J’ai toujours adoré la musique. Il paraît qu’à moins de 5 ans, je chantais du Tino Rossi à chaque réunion de famille, mes parents voulaient me faire passer à l’École des fans de Jacques Martin. Ça ne s’est, heureusement, pas fait. Très tôt, j’ai appris à manipuler le magnétophone pour m’enregistrer. Ma première chanson, intitulée « L’école me fait chier », a eu tellement de succès dans ma classe de CE1 que c’est arrivé aux oreilles de la maîtresse, que j’insultais plus ou moins dans les paroles.
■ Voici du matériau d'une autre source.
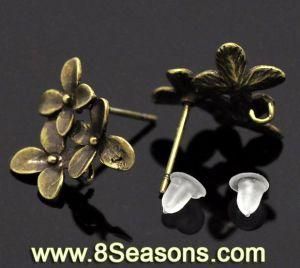 Antique Bronze Flower Earring Post W/ Stoppers&Loop 15x14mm (B15983)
J’ai été sévèrement punie, copier « Je dois être polie envers les grandes personnes » 500 fois, je crois, ça m’avait pris un temps fou, j’étais désespérée. Ensuite, à l’adolescence, j’ai découvert le rock, essayé d’apprendre toute seule la guitare pour monter un groupe… sans succès. Je n’étais pas très sociable, même les rares autres gamins qui écoutaient du rock ne voulaient pas être vus avec moi, encore moins m’avoir dans leur groupe. J’ai mis un temps fou à apprendre à jouer trois accords de guitare assez correctement pour composer réellement mes chansons, j’avais déjà 19 ans quand j’ai acheté une guitare électrique, un ampli et une disto, puis passé des annonces pour trouver des musiciens. Ça m’a encore pris deux ans pour tomber sur les bons, entre-temps je suis passée à la basse, beaucoup plus facile à jouer, résultat je devais avoir 23 ans pour mon premier concert, 27 quand j’ai enregistré mon premier album, après moult péripéties avec plusieurs groupes…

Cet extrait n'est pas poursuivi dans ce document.